Ernest Goh is a visual artist whose work focuses on ecological relationships. His fascination with the natural world began as a boy at his grandmother’s rural kampung in Singapore, wading in streams looking for fish and jumping into bushes searching for spiders. Ernest founded Ayer Ayer – an ecologically-engaged initiative that reaches out to communities through visual and participatory artworks to foster environmental protection and awareness. Ayer Ayer’s focus on ocean plastic in the regional waterways of South-East Asia has led to the creation of public art, digital gamification and research projects.

His animal portraits have been published in The Fish Book (2011), Cocks (2013, republished as Chickens in the US in 2015), and The Gift Book (2014). His recent work was presented in the solo exhibition Breakfast at 8 Jungle at 9 (Objectifs – Centre for Photography and Film, Singapore, 2015).
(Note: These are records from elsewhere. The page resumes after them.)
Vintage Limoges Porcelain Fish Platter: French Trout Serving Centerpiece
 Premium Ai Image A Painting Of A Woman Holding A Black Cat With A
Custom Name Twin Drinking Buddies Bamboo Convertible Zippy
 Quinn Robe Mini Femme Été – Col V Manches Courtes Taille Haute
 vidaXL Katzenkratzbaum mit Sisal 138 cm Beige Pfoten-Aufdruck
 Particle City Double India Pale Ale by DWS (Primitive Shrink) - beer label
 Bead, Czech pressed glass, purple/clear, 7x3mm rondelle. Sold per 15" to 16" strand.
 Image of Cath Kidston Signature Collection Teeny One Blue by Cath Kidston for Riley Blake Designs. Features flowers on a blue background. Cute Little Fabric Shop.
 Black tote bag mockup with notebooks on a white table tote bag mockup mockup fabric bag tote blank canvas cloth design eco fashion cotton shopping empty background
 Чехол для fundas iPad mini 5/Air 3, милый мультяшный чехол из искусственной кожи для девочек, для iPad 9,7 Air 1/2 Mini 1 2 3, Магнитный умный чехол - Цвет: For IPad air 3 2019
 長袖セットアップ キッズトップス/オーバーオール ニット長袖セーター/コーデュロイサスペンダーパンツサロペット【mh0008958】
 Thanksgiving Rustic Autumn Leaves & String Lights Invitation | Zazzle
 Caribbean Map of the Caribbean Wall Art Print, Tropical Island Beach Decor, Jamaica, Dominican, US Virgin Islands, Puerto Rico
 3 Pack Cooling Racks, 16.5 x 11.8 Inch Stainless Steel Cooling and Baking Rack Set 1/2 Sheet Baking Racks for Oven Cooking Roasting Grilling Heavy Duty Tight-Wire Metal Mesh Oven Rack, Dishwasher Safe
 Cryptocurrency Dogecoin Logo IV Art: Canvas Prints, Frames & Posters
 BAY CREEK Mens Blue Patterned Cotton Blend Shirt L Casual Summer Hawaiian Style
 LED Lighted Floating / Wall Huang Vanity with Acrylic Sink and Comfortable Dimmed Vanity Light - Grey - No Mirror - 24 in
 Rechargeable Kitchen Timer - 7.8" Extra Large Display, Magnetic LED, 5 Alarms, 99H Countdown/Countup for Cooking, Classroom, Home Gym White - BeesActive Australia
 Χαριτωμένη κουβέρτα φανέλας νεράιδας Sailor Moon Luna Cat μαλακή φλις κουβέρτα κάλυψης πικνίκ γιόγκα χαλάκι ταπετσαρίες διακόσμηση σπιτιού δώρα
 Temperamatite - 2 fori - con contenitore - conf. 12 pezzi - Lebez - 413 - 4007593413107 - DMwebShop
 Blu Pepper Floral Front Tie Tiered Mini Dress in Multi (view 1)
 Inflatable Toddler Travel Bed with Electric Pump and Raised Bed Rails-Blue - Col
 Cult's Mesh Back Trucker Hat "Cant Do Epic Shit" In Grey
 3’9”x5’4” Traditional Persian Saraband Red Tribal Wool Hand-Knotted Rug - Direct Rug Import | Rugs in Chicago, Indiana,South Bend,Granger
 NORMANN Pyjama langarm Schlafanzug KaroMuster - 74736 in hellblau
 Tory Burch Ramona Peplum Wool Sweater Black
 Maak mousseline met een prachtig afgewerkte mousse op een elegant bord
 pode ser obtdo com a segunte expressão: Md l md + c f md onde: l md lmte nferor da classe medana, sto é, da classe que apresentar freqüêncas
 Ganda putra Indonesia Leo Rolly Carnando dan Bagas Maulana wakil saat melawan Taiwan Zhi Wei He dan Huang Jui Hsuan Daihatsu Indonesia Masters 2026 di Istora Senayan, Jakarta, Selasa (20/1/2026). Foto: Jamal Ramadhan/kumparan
Ernest has received the Discernment Award at the ICON de Martell Cordon Bleu Awards, Singapore (2012), Sony World Photography Award (2013) and an award of excellence from Communication Arts Photography Annual, USA (2013).

Ernest’s work has been commissioned by and installed at the Lee Kong Chian Natural History Museum, Singapore, collected by the Multimedia Art Museum Moscow, and also resides in corporate, public and private collections.